● WHAT IS EXPECTED
Output all of the records word for word and drop the images.

● DATA FOR REVIEW
■ ■ ■
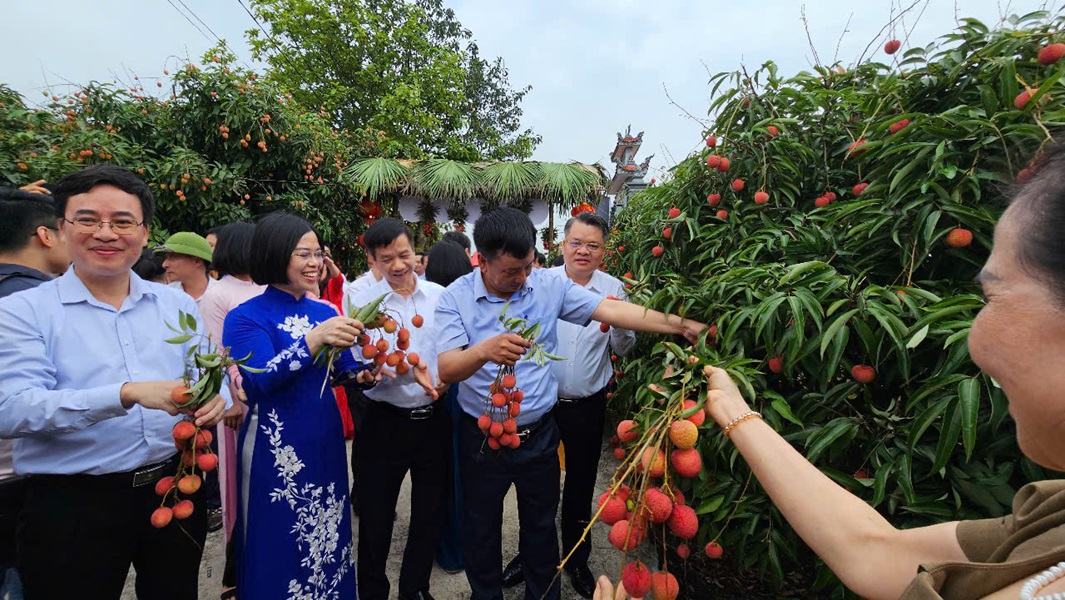 lãnh đạo tỉnh Hải Dương cùng các đại biểu tham quan vườn và cùng nông dân thu hoạch những trái vải xuất khẩu đầu tiên của vụ vải năm 2025.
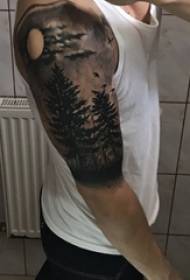 Boy arm on black thorn plant big tree forest tattoo picture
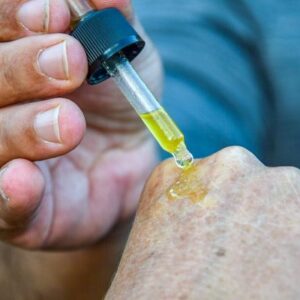 passeggiata alla scoperta delle erbe spontanee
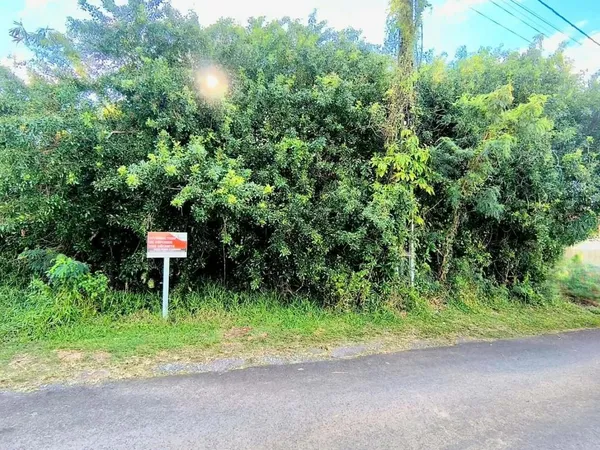 Terrain a vendre Saint Anne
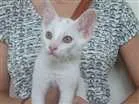 Gato raça Srd idade 2 a 6 meses nome Lenin e outros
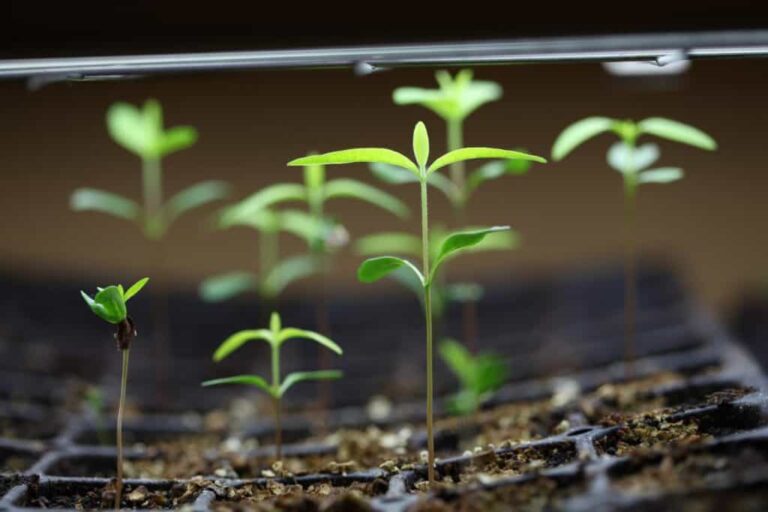 Growing Butterflyweed From Seeds (KIDS ONLY)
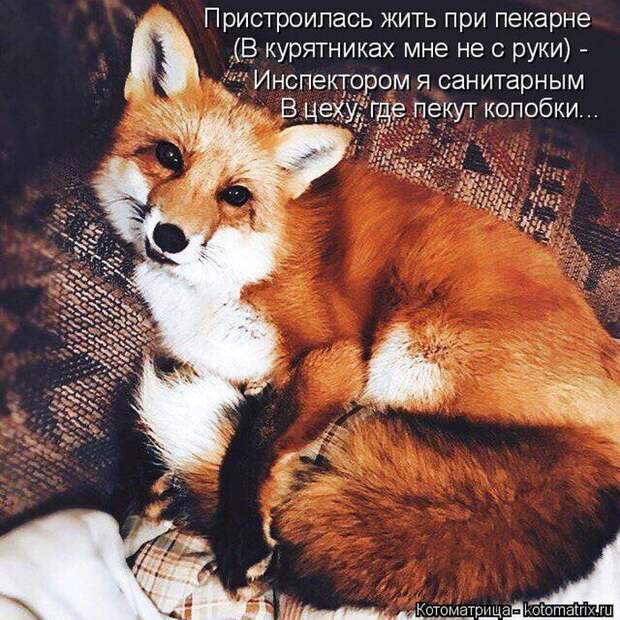 Лучшие котоматрицы недели (50 фото)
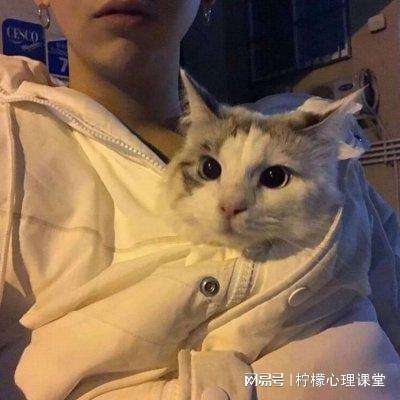 幻剑剑心qq版下载
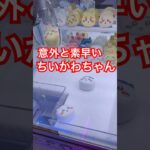 【ちいかわ】おかおミニシリコンポーチを取ってきたよ♡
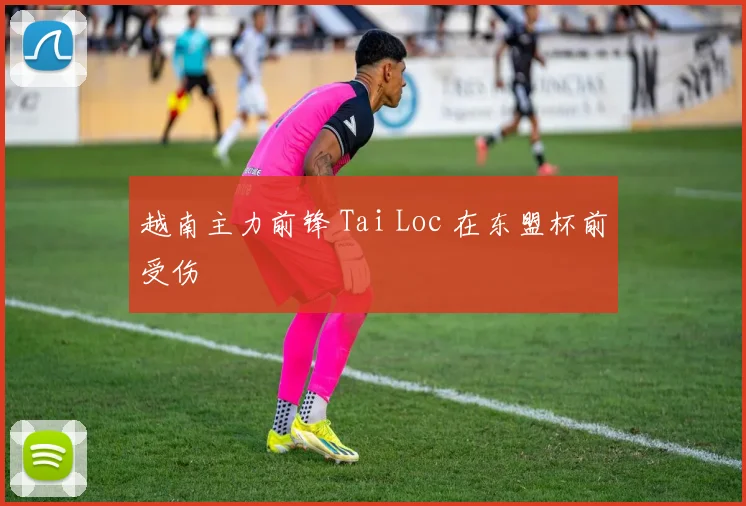 越南主力前锋 Tai Loc 在东盟杯前受伤 - 开云官网
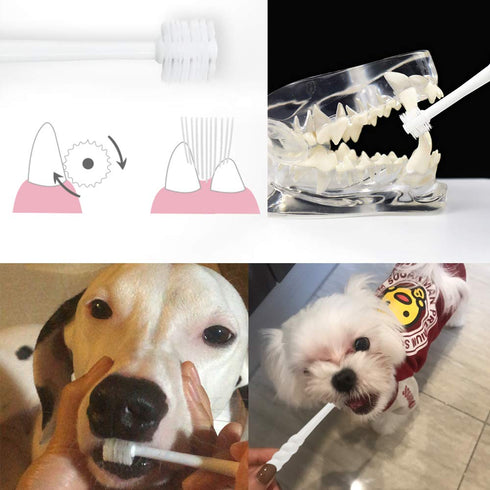 360-Degree Soft Yorkie Toothbrush, Small Dogs Puppy Toothbrush (Colors Vary)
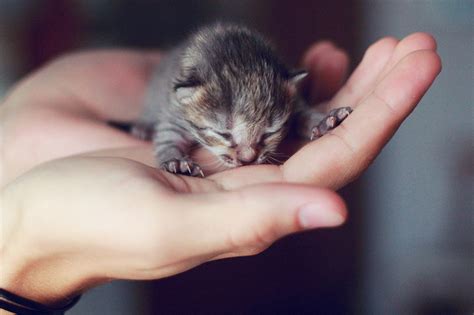 Cute Kitten Pictures Tiny Worlds Cutest Kitten Novocom Top Feel
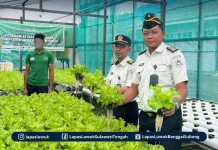 Lapas Luwuk Kembangkan Program Ketahanan Pangan Bagi Warga Binaan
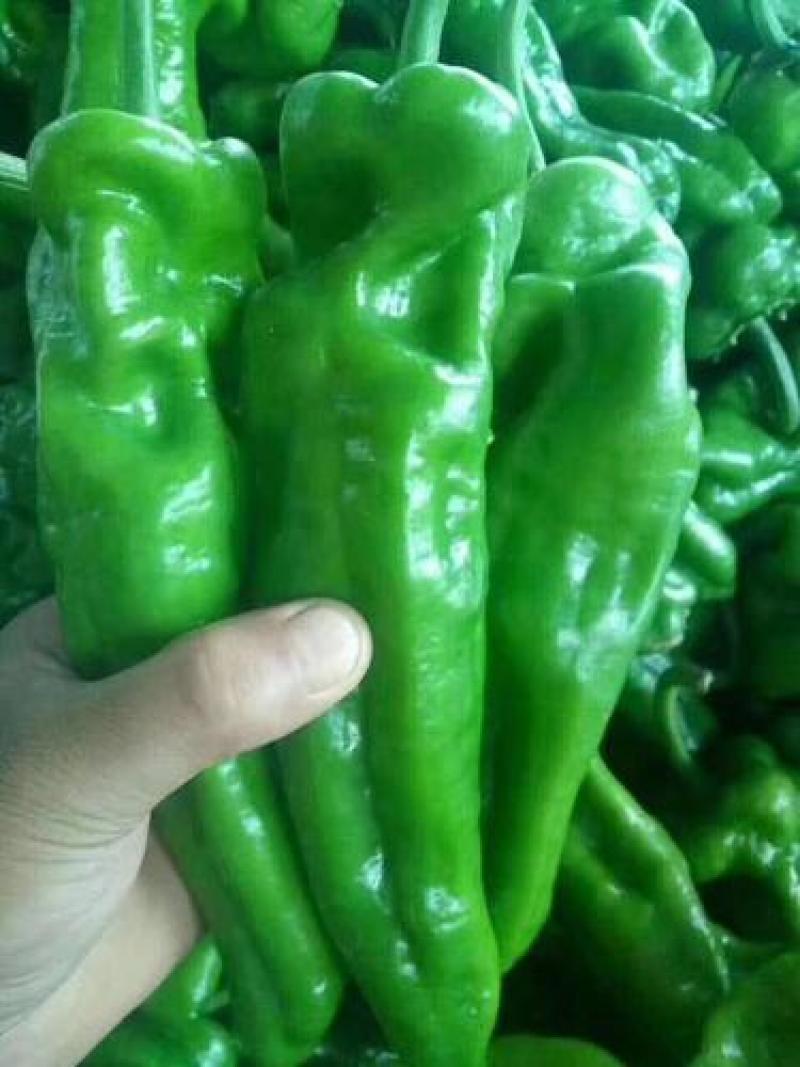 蔬菜精品绿泡椒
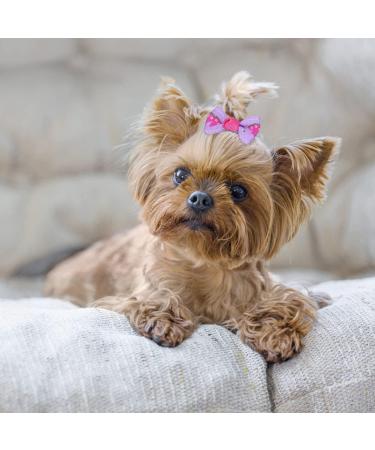 Comsmart 30 Pairs Pet Bows: Cute Dog Hair Bows with Metal Clips - 60Pcs Grosgrain Ribbons for Small to Medium Dogs - Buy Online on GoSupps.com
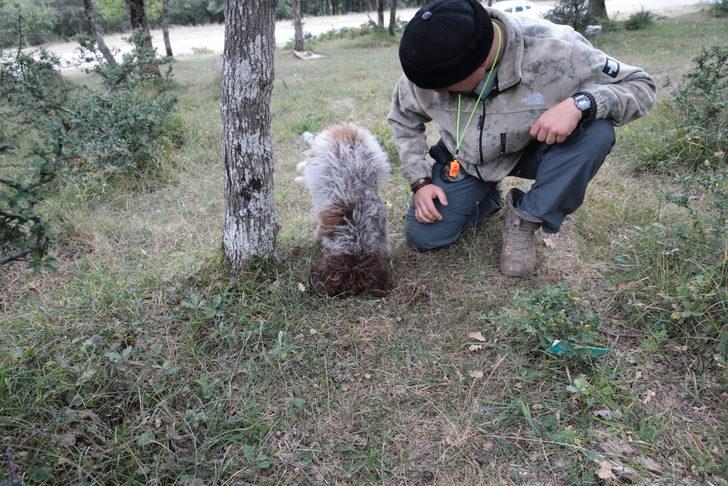 Bolu'da üniversite öğrencisi eğitimli köpekle trüf mantarı arıyor G3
■ ■ ■
● TASK RESULT
 lãnh đạo tỉnh Hải Dương cùng các đại biểu tham quan vườn và cùng nông dân thu hoạch những trái vải xuất khẩu đầu tiên của vụ vải năm 2025.
 Boy arm on black thorn plant big tree forest tattoo picture
 passeggiata alla scoperta delle erbe spontanee
 Terrain a vendre Saint Anne
 Gato raça Srd idade 2 a 6 meses nome Lenin e outros
 Growing Butterflyweed From Seeds (KIDS ONLY)
 Лучшие котоматрицы недели (50 фото)
 幻剑剑心qq版下载
 【ちいかわ】おかおミニシリコンポーチを取ってきたよ♡
 越南主力前锋 Tai Loc 在东盟杯前受伤 - 开云官网
 360-Degree Soft Yorkie Toothbrush, Small Dogs Puppy Toothbrush (Colors Vary)
 Cute Kitten Pictures Tiny Worlds Cutest Kitten Novocom Top Feel
 Lapas Luwuk Kembangkan Program Ketahanan Pangan Bagi Warga Binaan
 蔬菜精品绿泡椒
 Comsmart 30 Pairs Pet Bows: Cute Dog Hair Bows with Metal Clips - 60Pcs Grosgrain Ribbons for Small to Medium Dogs - Buy Online on GoSupps.com
 Bolu'da üniversite öğrencisi eğitimli köpekle trüf mantarı arıyor G3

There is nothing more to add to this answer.